Ce mouvement lycéen va se développant. En ne tenant aucun compte des savants calculs électoraux et discours lénifiants d'une partie des politiques.

« Ils n'ont pas de papiers, nous aussi ! Ils ne vont pas en classe, nous aussi ! Ils sont comme nous ! » crient les jeunes descendus dans la rue. Que peuvent y répondre les autorités expulsantes ?

Rien, tout en propageant l'idée que : « ces jeunes qui protestent sont des enfants ». Mais, est-ce que ce sont des enfants... ou de jeunes adultes pas encore pervertis ou apeurés par le système ?

Quelle place a la jeunesse dans la société civile ?

L'Histoire abonde en figures jeunes : Jeanne d'Arc avait 19 ans, Guy Môquet 17 ans, Daniel Féry, jeune apprenti tué le 8 février 1962 au métro Charonne avait 16 ans. Trois des six cadets de Chapultepec, héros mexicains de la guerre américano-mexicaine de 1846-1848 avaient 13 ans.

Pour faire diversion, un faux débat a été ouvert : ce qui serait scandaleux, c'est que Leonarda a été arrêté durant le temps scolaire. Il peut être déduit de ce propos que l'arrêter et l'expulser la nuit, à l'aube ou le soir, avant ou après l'école, ou durant les vacances scolaires est tout à fait correct.

Là où le débat mène en fait c'est à la question de l'humanité. Qu'est-ce qui est acceptable, supportable, en un mot humain ? Ou ne l'est pas ?

Là encore, pour éviter le débat est brandit le respect de « la loi ». Dura lex, sed lex, comme disaient certains Romains de l'Antiquité attachés à la légalité : « la loi est dure, mais c'est la loi ».

Mais, la loi est-elle toujours juste ? Et elle est toujours modifiable.

Si quelqu'un se met hors la loi, il doit être sanctionné. Mais si le hors la loi est ton frère ? Ça devient nettement plus difficile, voire carrément insupportable, d'accepter de lui voir appliquer la loi.

Jésus a dit : « tous les hommes sont frères ». Quand on parle de papiers et expulsions, le terrain commence ici à être glissant pour ceux qui brandissent les principes « légaux » et oublient les sentiments. Car les lycéens et lycéennes qui manifestent ont vu que Leonarda et Khatchik sont leur sœur, leur frère, des jeunes comme eux.

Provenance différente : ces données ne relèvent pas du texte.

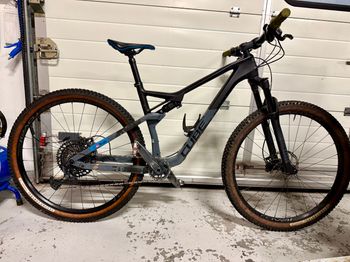 Tweedehands CUBE AMS 100 C:68 RACE 29 2021 2021 MTB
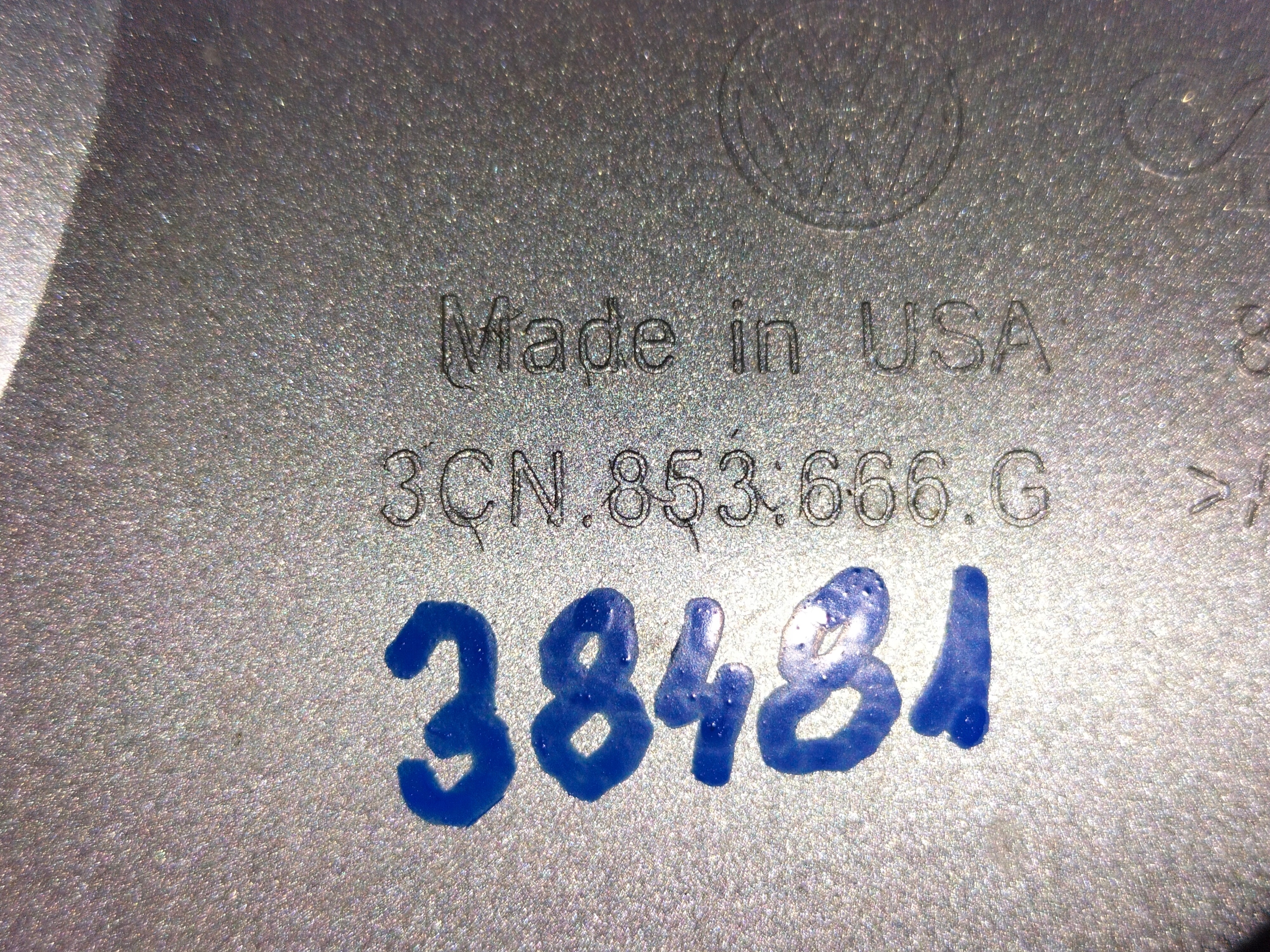 RAMIK LISTA MRIEZKA LIŠTA PREDNÉHO NÁRAZNÍKA PRAVA VW ATLAS LIFT 23-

Alors, pour justifier la chasse aux jeunes sans papiers, on fait appel à un autre discours : les parents de Leonarda sont menteurs, feignants, chapardeurs. Khatchik a volé dans un magasin. Mais, si Leonarda avait pour parents Jack l’Éventreur et Cruella d'Enfer, en quoi serait-elle coupable des méfaits commis par eux ? En fait, ces précisions sur ses parents ont un caractère raciste. Elles sous-entendent : tel père, telle mère, telle fille. Comme chacun sait : « qui veut noyer son chien l'accuse de rage ». Là c'est pitoyable, on accuse les parents de rage, sous-entendant que la petite a hérité de ses parents. On pense aux discours collaborationnistes tenus sous l'Occupation à propos des populations victimes de persécutions raciales. Et si Khatchik a piqué quelque chose, est-ce une raison pour l'envoyer pour deux ou trois ans en prison en Arménie comme déserteur ?

Aujourd'hui, c'est le début des vacances scolaires de la Toussaint. Après deux jours de manifestations, les lycéens sont en vacances. Le gouvernement espère que la rentrée sera calme. Avec quelques cars de police devant les lycées, il pense que le calme continuera et sera assuré. Rien n'est moins sûr. A la fin des événements de mai et juin 1968, on se disait dans ma famille : « ce n'est pas possible que le mouvement s'arrête. Ça reprendra en octobre ». Ce mouvement a effectivement repris en octobre, mais pas en octobre 1968 mais 2013. On s'est juste trompé de 45 ans.